This was the topic of the February 14th Estate Planning Seminar given by the Atashi Rang Law Firm.
It depends! One thing for sure is that if you have assets exceeding 100,000 your estate will go through Probate, whether you have a Will or not. On this assumption it might be best to avoid Probate and set up a Living Trust.
Going through Probate means loss of privacy, loss of money in fees, and a long stretch in court.
Below is an article on the topic by Nolo Press. You can also check out books by Nolo in the Fremont Main Library. Go to the Second Floor and look for Call Number 346.7305 Clifford or check out books on estate planning by Nolo Press.
Why You May Not Need a Living Trust
Living trusts are an excellent way to avoid probate. But do you really need one?
Morning, noon and night, by mail, fax, phone, and email, Nolo is asked whether making a will is enough, or whether it’s really much smarter to create a probate-avoiding living trust. Not surprisingly, the answer is, “It depends.” Some people need a living trust immediately, others will never need one, and most of us fall somewhere in the middle.
Opting Out of Probate With a Living Trust
Probate is the legal process that inventories and distributes a person’s property after death. Many people aim to avoid probate because it is time consuming and expensive. (To learn more about probate, read Nolo’s articles Why Avoid Probate? and Probate FAQ.)
There are a growing number of ways to transfer assets to inheritors free of probate within weeks or, at most, months of death. These include making gifts before death, adding a pay-on-death designation to a bank account, holding your house in joint tenancy with right of survivorship with your spouse or partner, and naming a beneficiary for life insurance and retirement accounts. (For more on these methods, see Nolo’s article How to Avoid Probate.)
But only the living trust can be used for all types of property and offers the broad planning flexibility of a will. With a living trust, for example, you can name alternate beneficiaries to inherit property if your primary beneficiary dies before you do. That’s something you can’t accomplish with joint tenancy or a pay-on-death bank account.
Drawbacks to Living Trusts
Living trusts do have a downside. Compared to wills, living trusts are considerably more time-consuming to establish, involve more ongoing maintenance, and are more trouble to modify. A lawyer-drafted trust will cost upwards of $1,000, though the cost will shrink dramatically if you use a self-help tool to make your own trust. Also, you’ll still need a simple will, as a back-up device, even if you create a trust.
Is a Living Trust Right for You?
These drawbacks are outweighed by the benefits for people who have large estates and for those who are likely to die in the next ten years or so. To decide if you need a living trust, consider these factors:
How Old Are You?
Living trusts often do not make sense for middle-income people in decent health who are under the age of 55 or 60. Remember, a living trust does nothing for you during your life. It follows that there is usually little reason for a 45-year-old to worry about probate costs for many years. In the meantime, a serviceable will, which is easier to establish and live with, will do a fine job of transferring your property to your loved ones in the highly unlikely event that you die without warning.

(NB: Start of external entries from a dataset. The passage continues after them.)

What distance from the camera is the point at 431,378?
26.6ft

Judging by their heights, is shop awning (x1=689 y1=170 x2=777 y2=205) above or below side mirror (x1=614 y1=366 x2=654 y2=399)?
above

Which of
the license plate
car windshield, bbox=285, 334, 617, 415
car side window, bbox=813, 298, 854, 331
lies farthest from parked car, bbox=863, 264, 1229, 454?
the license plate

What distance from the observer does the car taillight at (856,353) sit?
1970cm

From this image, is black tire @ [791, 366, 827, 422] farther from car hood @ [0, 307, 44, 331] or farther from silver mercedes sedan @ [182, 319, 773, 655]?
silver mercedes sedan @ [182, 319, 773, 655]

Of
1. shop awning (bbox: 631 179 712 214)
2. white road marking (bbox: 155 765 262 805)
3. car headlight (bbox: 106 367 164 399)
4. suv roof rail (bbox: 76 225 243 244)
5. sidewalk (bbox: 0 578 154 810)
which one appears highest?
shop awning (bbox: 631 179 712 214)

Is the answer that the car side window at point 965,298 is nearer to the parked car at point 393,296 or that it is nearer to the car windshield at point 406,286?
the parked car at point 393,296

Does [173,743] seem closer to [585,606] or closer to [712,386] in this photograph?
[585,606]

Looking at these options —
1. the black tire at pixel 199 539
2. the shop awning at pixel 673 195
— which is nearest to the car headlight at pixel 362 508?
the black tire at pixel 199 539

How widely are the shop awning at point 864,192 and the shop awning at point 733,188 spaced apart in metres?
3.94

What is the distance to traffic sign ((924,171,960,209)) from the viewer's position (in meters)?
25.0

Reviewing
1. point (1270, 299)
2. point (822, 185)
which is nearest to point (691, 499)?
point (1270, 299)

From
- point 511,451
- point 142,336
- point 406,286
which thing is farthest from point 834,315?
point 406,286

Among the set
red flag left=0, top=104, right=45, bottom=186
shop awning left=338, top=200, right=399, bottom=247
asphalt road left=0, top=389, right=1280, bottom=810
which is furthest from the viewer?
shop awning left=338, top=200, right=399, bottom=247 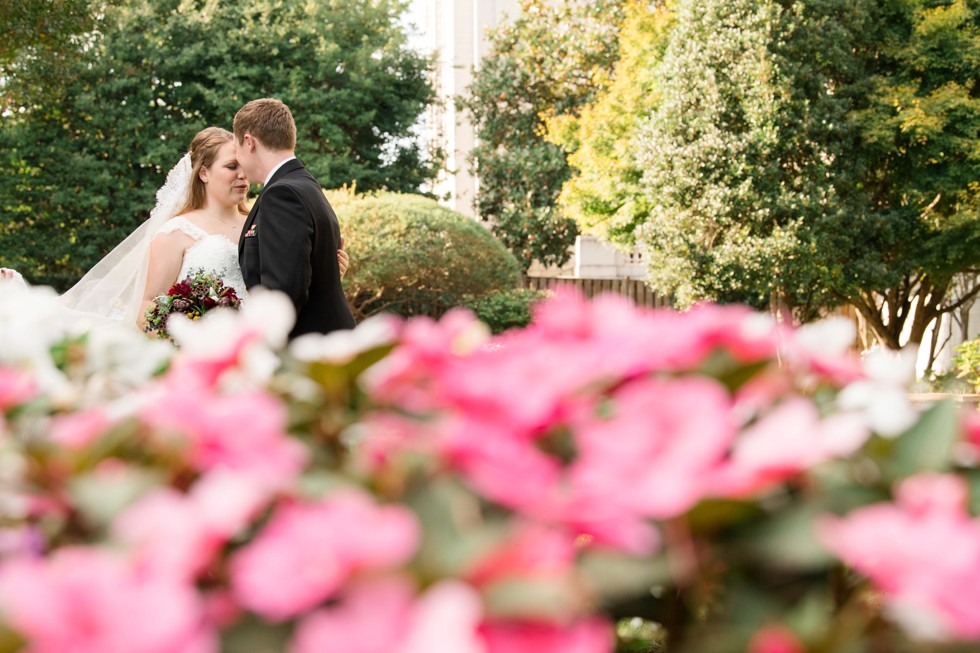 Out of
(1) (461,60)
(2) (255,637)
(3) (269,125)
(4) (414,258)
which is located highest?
(1) (461,60)

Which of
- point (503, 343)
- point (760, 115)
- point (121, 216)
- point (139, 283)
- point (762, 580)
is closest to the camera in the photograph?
point (762, 580)

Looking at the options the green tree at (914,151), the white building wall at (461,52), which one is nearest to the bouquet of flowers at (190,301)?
the green tree at (914,151)

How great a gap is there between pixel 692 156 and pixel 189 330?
50.4ft

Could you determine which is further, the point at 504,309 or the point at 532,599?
the point at 504,309

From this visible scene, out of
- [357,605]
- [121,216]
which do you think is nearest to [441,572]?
[357,605]

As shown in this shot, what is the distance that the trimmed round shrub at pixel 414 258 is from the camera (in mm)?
15969

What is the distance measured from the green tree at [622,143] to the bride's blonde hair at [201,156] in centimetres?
1367

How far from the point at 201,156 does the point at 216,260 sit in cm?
76

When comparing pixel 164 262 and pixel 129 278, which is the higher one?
pixel 164 262

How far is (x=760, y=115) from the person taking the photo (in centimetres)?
1498

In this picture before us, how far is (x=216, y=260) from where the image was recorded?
212 inches

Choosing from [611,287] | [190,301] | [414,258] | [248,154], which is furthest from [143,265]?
[611,287]

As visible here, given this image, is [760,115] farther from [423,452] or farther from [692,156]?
[423,452]

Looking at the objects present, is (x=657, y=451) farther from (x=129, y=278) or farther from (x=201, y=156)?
(x=129, y=278) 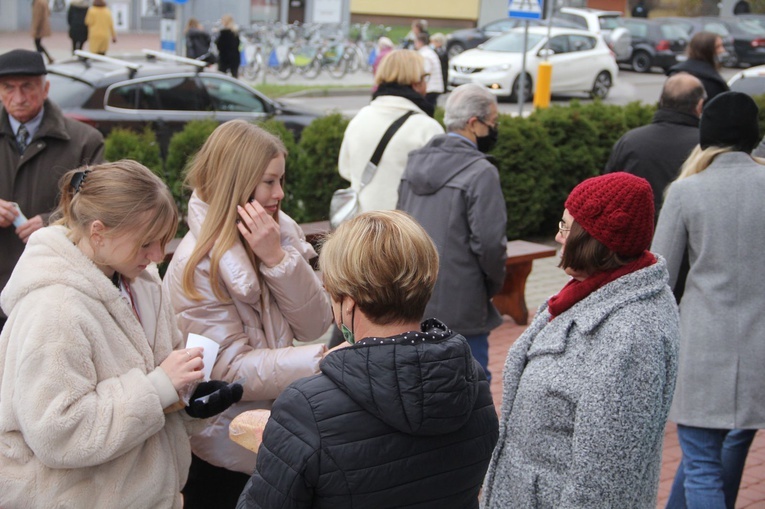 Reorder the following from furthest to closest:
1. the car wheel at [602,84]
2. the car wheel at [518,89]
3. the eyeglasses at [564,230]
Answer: the car wheel at [602,84], the car wheel at [518,89], the eyeglasses at [564,230]

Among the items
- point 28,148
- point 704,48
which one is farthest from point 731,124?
point 704,48

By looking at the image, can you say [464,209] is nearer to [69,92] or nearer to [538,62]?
[69,92]

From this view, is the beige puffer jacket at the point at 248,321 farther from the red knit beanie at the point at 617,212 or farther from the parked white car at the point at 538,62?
the parked white car at the point at 538,62

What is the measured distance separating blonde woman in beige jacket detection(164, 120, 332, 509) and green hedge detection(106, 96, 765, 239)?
4.26 meters

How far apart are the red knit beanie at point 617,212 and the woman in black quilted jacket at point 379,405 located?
0.59 metres

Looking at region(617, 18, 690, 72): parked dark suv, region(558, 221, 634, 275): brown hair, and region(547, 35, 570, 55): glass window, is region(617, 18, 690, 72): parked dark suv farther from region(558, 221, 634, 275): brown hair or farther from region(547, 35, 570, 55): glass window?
region(558, 221, 634, 275): brown hair

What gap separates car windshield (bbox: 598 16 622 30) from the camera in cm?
3381

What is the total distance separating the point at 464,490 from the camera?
226 cm

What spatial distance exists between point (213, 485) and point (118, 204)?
1368mm

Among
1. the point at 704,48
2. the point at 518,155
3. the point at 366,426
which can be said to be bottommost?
the point at 518,155

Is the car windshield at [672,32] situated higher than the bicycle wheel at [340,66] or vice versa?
the car windshield at [672,32]

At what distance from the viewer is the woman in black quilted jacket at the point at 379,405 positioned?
2043 mm

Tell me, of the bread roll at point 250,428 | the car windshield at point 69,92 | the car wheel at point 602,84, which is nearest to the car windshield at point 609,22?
the car wheel at point 602,84

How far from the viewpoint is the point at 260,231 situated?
10.6 ft
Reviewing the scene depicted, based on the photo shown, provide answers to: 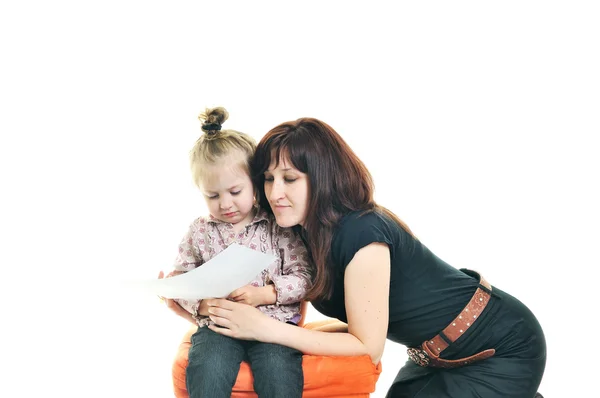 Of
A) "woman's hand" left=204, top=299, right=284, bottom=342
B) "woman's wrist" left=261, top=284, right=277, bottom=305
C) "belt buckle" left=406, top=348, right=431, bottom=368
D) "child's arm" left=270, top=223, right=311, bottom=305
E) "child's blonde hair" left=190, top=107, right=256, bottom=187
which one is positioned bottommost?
"belt buckle" left=406, top=348, right=431, bottom=368

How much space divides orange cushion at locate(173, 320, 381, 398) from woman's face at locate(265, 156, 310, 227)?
436 millimetres

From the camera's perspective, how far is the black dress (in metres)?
2.72

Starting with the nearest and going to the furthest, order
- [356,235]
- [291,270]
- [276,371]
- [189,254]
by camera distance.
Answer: [276,371] → [356,235] → [291,270] → [189,254]

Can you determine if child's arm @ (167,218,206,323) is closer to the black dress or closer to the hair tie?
the hair tie

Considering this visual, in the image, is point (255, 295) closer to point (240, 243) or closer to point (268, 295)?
point (268, 295)

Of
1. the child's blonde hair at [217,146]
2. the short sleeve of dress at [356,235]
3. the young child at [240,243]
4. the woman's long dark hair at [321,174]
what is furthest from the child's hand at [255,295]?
the child's blonde hair at [217,146]

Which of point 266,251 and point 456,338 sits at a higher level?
point 266,251

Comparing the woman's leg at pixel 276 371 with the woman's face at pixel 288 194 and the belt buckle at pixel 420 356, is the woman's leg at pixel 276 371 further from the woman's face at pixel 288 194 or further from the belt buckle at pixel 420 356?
the belt buckle at pixel 420 356

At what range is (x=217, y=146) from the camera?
Answer: 2.67 meters

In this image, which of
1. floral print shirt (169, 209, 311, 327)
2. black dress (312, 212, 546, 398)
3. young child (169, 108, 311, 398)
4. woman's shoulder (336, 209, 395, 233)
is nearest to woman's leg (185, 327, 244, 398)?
young child (169, 108, 311, 398)

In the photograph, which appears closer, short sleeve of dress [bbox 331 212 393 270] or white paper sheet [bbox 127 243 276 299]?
white paper sheet [bbox 127 243 276 299]

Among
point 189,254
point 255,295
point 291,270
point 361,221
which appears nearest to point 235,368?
point 255,295

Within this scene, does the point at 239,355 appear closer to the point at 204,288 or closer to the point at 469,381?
the point at 204,288

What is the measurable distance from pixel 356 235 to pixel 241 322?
44cm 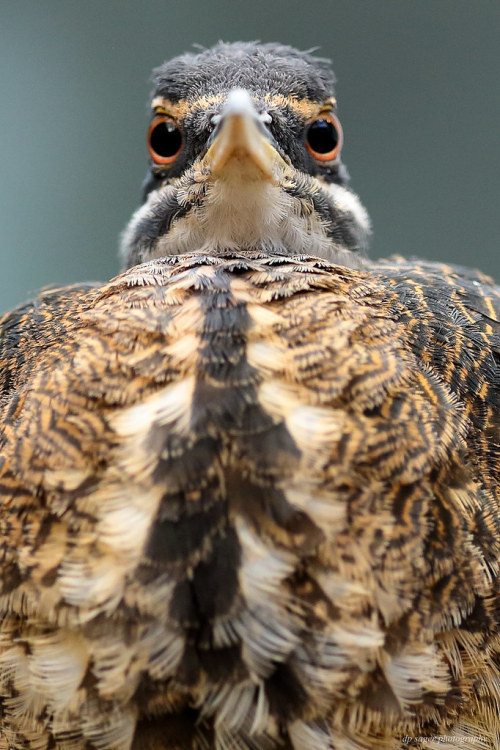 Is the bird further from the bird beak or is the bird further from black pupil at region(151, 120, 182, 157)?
black pupil at region(151, 120, 182, 157)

Another reason why it makes little sense for a healthy younger person of moderate means to worry about probate avoidance is that the problem may go away. In just the last ten years, easy-to-use probate-avoidance techniques, such as being able to name a beneficiary to inherit securities free of probate, have gained wide acceptance. This trend will probably continue.
How Rich Are You?
After age, the biggest factor in deciding whether or not to create a living trust is wealth. At the risk of oversimplifying, the wealthier you are, the more you can save for your inheritors by avoiding probate. For example, a 45-year-old with $10 million might conclude it’s not too soon to think about probate avoidance, just in case. A 45-year-old with $300,000 might sensibly decide to wait many years before making a trust.
What kinds of assets you own is significant, too. Owning a small business or other assets that you don’t want tied up during probate might push you to create a living trust at a younger age. Even if there’s only a small chance that you’ll die soon, you don’t want to risk making your executor report to a judge for a year or more if you die unexpectedly.
Are You Married?
If you are married, and you and your spouse plan to leave the bulk of your property to one another, there is less reason to obsess about avoiding probate at an early age. If, like many couples, you own your big assets together, probate won’t be necessary for those assets. And for other property, most states let surviving spouses use expedited probate procedures that are faster and cheaper than standard probate.